Tuesday, June 18, 2013

The Big Apple


This place has divine bagels and muffins and really good sandwiches! It's on the edge of Petoskey, Michigan,.We tested it yesterday and it definitely passed! There is a big apple blackboard painted on the wall, and an uncredited chalk artist made this decor for the current project: June birthdays, I guess, names and dates. But, since this is my name, if not my birth month, I whipped out my iPhone--et voila!
Right now we are in Michigan, after nearly 50 years in California, and short sojourns in Utah (Provo) Oklahoma (Lawton) and Ohio (Cleveland). I grew up in New York State and S in Idaho.
I also have many members of my family who live in Utah, and because of my Mormom ancestors, I am always interested in the history and people of that state. I love the poetry of May Swenson, who grew up in Southern Utah. In her work, one often finds a deep understanding of animals. She was also a master of typography, and arranged poems on the page in many unusual, striking and effective ways.
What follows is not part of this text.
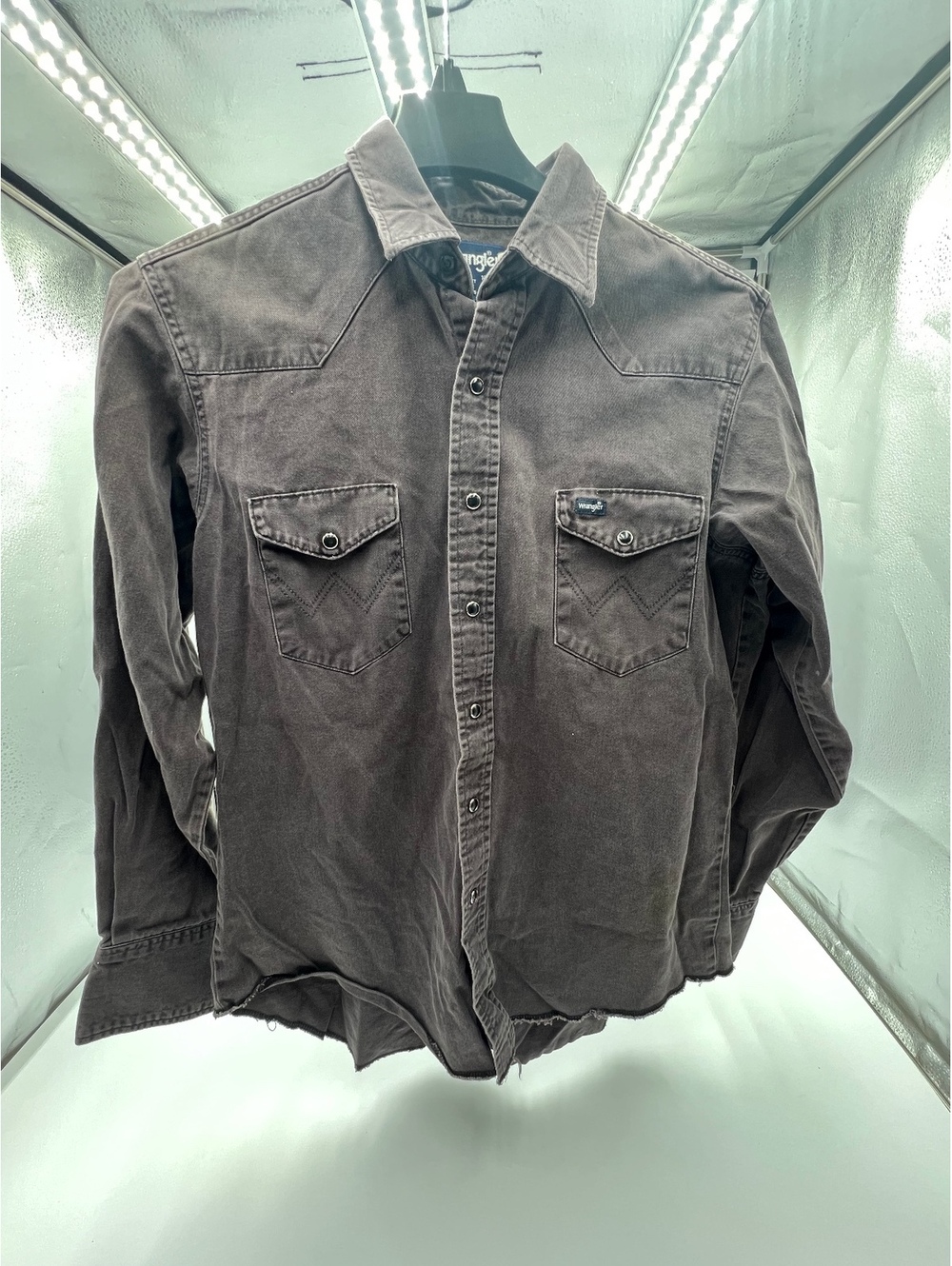 Wrangler Men’s 16.5 35 Western Pearl Snap Shirt Charcoal Distressed Raw Hem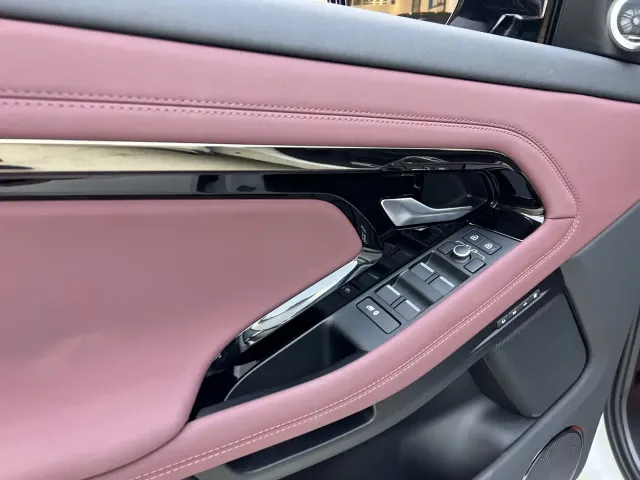 Land Rover Range Rover Evoque — Фото автомобиля 9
Here is a very interesting example of that.
Tonight's poem by May Swenson is printed centered in Poems of the Sea; selected and edited by J. D. McClatchy (Everyman's Library Pocket Poets Series) on page 64. Since I am far away from my beloved Pacific, it has a special appeal to me tonight.

THE EVEN SEA

Meekly the sea
now plods to shore:
white-faced cattle used to their yard,
the waves, with weary knees,
come back from bouldered hills
of high water,

where all the gray, rough day they seethed like bulls,
till the wind laid down its goads
at shift of tide, and sundown
gentled them; with lowered necks
they amble up the beach
as to their stalls.

May Swenson  1919-1989\

This is another poem that yields up some of its secrets when read aloud. Listen for the rising and falling/coming and going, as of the surf. Notice the rhythms. I've not lived with cows and (on the evidence of this poem alone) think that this poet has. Good night.